CEC explains why re-voting was not ordered at three polling stations

June 15 2026, 14:45

Politics

The Central Election Commission, upon invalidating the results at any given polling station, is not required to automatically order a re-vote. This is stated in a declaration issued by Vahagn Hovakimyan, Chairman of the CEC.

“In making such a decision, the CEC must take into account the protection of voters’ genuine expression of will and the ensuring of the legality of election results. It must therefore choose the measure that, under the given circumstances, is necessary, proportionate, and does not cause greater distortion than the violation whose consequences are to be remedied.
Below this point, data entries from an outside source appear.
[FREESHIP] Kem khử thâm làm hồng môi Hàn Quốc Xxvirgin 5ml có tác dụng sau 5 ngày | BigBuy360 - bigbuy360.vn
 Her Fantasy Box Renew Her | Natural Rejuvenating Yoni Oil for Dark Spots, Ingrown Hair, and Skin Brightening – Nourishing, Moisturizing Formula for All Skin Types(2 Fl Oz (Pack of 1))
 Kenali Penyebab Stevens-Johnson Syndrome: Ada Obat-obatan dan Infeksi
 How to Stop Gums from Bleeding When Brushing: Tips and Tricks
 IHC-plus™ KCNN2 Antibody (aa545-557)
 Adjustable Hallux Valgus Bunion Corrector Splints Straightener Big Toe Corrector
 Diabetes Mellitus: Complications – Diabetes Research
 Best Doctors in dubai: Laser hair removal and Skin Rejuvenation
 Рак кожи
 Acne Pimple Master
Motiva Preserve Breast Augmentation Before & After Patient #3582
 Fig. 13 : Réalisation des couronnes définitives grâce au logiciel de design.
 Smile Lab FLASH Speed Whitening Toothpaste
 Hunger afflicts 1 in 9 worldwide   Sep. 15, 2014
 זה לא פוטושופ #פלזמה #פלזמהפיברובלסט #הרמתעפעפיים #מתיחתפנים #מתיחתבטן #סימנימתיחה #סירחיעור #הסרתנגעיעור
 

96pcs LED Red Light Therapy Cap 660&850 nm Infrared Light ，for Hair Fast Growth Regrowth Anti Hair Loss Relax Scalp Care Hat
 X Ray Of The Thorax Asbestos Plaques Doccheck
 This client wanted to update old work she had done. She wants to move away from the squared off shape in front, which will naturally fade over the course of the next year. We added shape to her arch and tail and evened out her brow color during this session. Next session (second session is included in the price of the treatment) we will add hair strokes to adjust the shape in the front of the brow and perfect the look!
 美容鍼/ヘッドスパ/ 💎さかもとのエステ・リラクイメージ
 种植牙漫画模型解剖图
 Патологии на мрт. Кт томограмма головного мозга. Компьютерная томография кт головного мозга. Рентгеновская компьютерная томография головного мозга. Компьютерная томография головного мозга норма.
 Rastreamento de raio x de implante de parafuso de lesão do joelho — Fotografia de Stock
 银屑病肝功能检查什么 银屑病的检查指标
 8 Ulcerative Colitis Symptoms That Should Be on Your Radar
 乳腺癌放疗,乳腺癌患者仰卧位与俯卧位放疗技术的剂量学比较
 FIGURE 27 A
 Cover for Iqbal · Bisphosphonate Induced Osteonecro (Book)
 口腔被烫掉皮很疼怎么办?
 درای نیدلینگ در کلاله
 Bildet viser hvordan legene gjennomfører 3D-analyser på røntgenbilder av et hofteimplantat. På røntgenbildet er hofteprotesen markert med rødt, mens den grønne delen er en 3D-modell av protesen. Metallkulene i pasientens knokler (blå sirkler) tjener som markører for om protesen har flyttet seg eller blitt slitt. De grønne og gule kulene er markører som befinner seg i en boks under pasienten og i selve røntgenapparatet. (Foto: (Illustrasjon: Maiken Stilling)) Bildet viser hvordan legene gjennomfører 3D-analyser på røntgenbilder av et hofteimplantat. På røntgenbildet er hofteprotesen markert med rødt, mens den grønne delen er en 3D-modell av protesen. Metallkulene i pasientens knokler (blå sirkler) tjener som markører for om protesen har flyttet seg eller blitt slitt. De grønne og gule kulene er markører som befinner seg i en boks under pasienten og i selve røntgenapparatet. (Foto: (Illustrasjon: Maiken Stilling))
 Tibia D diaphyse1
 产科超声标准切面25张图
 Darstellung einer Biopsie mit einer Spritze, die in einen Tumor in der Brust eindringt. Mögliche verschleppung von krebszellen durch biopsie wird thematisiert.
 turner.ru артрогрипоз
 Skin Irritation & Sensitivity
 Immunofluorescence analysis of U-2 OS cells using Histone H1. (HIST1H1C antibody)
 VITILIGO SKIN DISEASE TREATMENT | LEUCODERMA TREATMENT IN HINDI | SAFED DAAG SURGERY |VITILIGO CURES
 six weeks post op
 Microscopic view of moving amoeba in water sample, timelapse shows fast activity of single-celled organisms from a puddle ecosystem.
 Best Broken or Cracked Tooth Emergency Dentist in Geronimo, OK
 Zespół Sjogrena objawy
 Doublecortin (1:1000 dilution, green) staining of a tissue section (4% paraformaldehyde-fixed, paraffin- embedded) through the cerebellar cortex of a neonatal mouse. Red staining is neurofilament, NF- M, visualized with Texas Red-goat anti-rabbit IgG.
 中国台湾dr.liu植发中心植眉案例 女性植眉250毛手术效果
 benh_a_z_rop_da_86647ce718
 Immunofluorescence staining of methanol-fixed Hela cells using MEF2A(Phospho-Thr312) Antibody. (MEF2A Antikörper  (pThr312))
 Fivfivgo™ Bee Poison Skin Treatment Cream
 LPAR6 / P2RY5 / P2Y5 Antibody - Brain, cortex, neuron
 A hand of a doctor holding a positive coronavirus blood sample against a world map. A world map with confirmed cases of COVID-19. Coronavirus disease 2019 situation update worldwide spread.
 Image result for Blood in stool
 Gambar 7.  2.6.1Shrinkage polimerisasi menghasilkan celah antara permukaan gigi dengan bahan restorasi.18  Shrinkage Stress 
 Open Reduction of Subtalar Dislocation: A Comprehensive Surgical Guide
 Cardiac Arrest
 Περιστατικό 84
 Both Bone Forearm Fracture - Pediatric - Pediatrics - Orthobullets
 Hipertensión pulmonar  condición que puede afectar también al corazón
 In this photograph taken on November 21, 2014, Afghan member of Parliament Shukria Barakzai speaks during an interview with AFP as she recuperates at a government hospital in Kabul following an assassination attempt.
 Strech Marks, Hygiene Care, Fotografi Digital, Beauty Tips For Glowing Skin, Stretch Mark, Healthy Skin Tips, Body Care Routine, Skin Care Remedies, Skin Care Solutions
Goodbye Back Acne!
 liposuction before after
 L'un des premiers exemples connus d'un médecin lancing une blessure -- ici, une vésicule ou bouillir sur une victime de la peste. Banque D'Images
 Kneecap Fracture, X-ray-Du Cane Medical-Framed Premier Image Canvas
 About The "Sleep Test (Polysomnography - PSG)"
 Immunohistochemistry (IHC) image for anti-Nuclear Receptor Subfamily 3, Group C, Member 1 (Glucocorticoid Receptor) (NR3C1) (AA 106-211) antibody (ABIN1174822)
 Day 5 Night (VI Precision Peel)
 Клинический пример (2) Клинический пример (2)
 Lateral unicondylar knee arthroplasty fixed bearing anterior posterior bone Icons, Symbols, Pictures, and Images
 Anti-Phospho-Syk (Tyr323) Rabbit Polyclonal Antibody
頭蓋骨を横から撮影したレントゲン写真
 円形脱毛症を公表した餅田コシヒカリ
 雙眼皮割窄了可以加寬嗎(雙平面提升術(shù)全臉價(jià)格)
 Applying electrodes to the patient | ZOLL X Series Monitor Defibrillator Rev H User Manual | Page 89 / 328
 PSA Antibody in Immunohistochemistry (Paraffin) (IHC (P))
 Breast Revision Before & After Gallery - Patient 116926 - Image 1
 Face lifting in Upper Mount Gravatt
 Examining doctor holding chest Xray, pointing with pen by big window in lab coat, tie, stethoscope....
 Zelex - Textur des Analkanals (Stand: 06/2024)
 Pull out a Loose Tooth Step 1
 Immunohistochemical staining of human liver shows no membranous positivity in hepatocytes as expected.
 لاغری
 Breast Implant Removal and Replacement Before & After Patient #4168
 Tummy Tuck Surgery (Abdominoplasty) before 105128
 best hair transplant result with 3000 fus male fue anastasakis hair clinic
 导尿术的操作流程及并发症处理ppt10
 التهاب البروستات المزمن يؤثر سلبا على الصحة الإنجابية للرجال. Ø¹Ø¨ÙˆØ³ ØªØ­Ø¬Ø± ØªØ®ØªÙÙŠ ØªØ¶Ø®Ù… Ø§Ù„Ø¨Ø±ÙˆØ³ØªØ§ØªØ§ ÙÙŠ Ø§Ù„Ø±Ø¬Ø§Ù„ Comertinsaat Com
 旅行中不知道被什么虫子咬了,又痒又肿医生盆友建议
Partial re-voting gives rise to the following problem. Voters who participated in the main vote cast their ballots at a time when the overall result was not yet known. They did not know who was leading, what the margin of votes was, which party would clear the threshold, or what impact their vote would have on the final result.

Meanwhile, voters participating in the re-vote will be casting their ballots in a different situation: they may already be aware of the overall picture (in this case, based on 99.8% of election participants).

Under these circumstances, a voter’s will may be shaped not by their original political preference or free expression of will, but by a calculation aimed at adjusting an already known result. This risk is commonly referred to as tactical voting.

The Venice Commission has also acknowledged that partial re-voting is not always an appropriate measure. Its 2025 urgent opinion notes that where violations concern only specific polling stations, the response may in principle be limited to those stations. However, there is an important exception to this approach: partial re-voting cannot be considered an appropriate measure if a new vote at those stations, due to the possibility of tactical voting, does not guarantee a fair result.

From the standpoint of equal suffrage, the problem is equally clear. A re-vote may undermine voter equality, as one group of voters finds itself in materially different initial conditions compared to others.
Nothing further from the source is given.